■ **Problem description**:
Restate all of the entries exactly, each line as it stands.

(Data extracted from a collection)
:::::
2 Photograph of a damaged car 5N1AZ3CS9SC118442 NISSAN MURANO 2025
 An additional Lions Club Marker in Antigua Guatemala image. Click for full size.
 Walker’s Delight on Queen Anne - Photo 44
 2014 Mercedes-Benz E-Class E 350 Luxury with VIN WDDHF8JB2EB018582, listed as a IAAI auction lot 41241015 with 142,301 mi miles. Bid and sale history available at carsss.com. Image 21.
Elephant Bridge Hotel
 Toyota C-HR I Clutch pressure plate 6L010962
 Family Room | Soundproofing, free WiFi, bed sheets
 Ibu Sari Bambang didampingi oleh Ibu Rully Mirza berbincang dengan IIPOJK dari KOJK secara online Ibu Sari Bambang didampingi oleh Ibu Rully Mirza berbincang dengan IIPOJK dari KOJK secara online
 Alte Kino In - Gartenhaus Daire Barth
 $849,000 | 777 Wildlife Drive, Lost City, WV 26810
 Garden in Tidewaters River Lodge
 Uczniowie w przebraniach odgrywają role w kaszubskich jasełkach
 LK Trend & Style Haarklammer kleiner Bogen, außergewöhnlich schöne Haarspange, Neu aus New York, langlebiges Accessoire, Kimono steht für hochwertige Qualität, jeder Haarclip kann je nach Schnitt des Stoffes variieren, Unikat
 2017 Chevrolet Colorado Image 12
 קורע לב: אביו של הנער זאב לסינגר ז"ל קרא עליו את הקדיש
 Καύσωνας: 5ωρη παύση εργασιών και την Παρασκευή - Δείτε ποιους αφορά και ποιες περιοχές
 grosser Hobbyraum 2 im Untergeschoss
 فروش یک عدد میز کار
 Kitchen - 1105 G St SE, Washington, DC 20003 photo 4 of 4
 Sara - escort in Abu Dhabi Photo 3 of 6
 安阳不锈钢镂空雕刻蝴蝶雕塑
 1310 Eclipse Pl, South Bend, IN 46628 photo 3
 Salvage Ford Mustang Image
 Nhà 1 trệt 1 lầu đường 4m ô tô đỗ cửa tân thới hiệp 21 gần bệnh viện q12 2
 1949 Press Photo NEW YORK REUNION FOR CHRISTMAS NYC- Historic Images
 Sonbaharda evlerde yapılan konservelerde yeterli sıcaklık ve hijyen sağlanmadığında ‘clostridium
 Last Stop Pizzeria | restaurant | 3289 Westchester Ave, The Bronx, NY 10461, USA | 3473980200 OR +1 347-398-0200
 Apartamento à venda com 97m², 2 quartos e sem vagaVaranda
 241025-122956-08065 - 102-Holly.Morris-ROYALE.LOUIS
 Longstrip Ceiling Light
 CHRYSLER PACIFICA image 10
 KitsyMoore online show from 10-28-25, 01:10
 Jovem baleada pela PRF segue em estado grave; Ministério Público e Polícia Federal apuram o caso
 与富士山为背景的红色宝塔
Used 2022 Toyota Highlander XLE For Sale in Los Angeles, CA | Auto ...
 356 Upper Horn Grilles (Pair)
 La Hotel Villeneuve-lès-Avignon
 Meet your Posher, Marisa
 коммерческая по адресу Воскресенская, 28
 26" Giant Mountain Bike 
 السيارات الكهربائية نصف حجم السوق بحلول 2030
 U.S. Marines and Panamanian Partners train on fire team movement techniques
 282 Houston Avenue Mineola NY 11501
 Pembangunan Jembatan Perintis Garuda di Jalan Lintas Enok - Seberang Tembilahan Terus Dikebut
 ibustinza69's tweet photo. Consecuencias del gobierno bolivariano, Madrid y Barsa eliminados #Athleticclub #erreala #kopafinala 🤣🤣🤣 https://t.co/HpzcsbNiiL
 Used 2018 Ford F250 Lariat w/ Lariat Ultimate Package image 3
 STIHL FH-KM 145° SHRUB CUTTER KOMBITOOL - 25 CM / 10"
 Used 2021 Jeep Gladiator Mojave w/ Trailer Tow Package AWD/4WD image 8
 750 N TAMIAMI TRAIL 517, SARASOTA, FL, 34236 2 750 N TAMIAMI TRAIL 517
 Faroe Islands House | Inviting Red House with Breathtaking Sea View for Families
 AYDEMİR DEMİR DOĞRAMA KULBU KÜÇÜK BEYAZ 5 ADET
:::::
■ **Exercise response**:
2 Photograph of a damaged car 5N1AZ3CS9SC118442 NISSAN MURANO 2025
 An additional Lions Club Marker in Antigua Guatemala image. Click for full size.
 Walker’s Delight on Queen Anne - Photo 44
 2014 Mercedes-Benz E-Class E 350 Luxury with VIN WDDHF8JB2EB018582, listed as a IAAI auction lot 41241015 with 142,301 mi miles. Bid and sale history available at carsss.com. Image 21.
Elephant Bridge Hotel
 Toyota C-HR I Clutch pressure plate 6L010962
 Family Room | Soundproofing, free WiFi, bed sheets
 Ibu Sari Bambang didampingi oleh Ibu Rully Mirza berbincang dengan IIPOJK dari KOJK secara online Ibu Sari Bambang didampingi oleh Ibu Rully Mirza berbincang dengan IIPOJK dari KOJK secara online
 Alte Kino In - Gartenhaus Daire Barth
 $849,000 | 777 Wildlife Drive, Lost City, WV 26810
 Garden in Tidewaters River Lodge
 Uczniowie w przebraniach odgrywają role w kaszubskich jasełkach
 LK Trend & Style Haarklammer kleiner Bogen, außergewöhnlich schöne Haarspange, Neu aus New York, langlebiges Accessoire, Kimono steht für hochwertige Qualität, jeder Haarclip kann je nach Schnitt des Stoffes variieren, Unikat
 2017 Chevrolet Colorado Image 12
 קורע לב: אביו של הנער זאב לסינגר ז"ל קרא עליו את הקדיש
 Καύσωνας: 5ωρη παύση εργασιών και την Παρασκευή - Δείτε ποιους αφορά και ποιες περιοχές
 grosser Hobbyraum 2 im Untergeschoss
 فروش یک عدد میز کار
 Kitchen - 1105 G St SE, Washington, DC 20003 photo 4 of 4
 Sara - escort in Abu Dhabi Photo 3 of 6
 安阳不锈钢镂空雕刻蝴蝶雕塑
 1310 Eclipse Pl, South Bend, IN 46628 photo 3
 Salvage Ford Mustang Image
 Nhà 1 trệt 1 lầu đường 4m ô tô đỗ cửa tân thới hiệp 21 gần bệnh viện q12 2
 1949 Press Photo NEW YORK REUNION FOR CHRISTMAS NYC- Historic Images
 Sonbaharda evlerde yapılan konservelerde yeterli sıcaklık ve hijyen sağlanmadığında ‘clostridium
 Last Stop Pizzeria | restaurant | 3289 Westchester Ave, The Bronx, NY 10461, USA | 3473980200 OR +1 347-398-0200
 Apartamento à venda com 97m², 2 quartos e sem vagaVaranda
 241025-122956-08065 - 102-Holly.Morris-ROYALE.LOUIS
 Longstrip Ceiling Light
 CHRYSLER PACIFICA image 10
 KitsyMoore online show from 10-28-25, 01:10
 Jovem baleada pela PRF segue em estado grave; Ministério Público e Polícia Federal apuram o caso
 与富士山为背景的红色宝塔
Used 2022 Toyota Highlander XLE For Sale in Los Angeles, CA | Auto ...
 356 Upper Horn Grilles (Pair)
 La Hotel Villeneuve-lès-Avignon
 Meet your Posher, Marisa
 коммерческая по адресу Воскресенская, 28
 26" Giant Mountain Bike 
 السيارات الكهربائية نصف حجم السوق بحلول 2030
 U.S. Marines and Panamanian Partners train on fire team movement techniques
 282 Houston Avenue Mineola NY 11501
 Pembangunan Jembatan Perintis Garuda di Jalan Lintas Enok - Seberang Tembilahan Terus Dikebut
 ibustinza69's tweet photo. Consecuencias del gobierno bolivariano, Madrid y Barsa eliminados #Athleticclub #erreala #kopafinala 🤣🤣🤣 https://t.co/HpzcsbNiiL
 Used 2018 Ford F250 Lariat w/ Lariat Ultimate Package image 3
 STIHL FH-KM 145° SHRUB CUTTER KOMBITOOL - 25 CM / 10"
 Used 2021 Jeep Gladiator Mojave w/ Trailer Tow Package AWD/4WD image 8
 750 N TAMIAMI TRAIL 517, SARASOTA, FL, 34236 2 750 N TAMIAMI TRAIL 517
 Faroe Islands House | Inviting Red House with Breathtaking Sea View for Families
 AYDEMİR DEMİR DOĞRAMA KULBU KÜÇÜK BEYAZ 5 ADET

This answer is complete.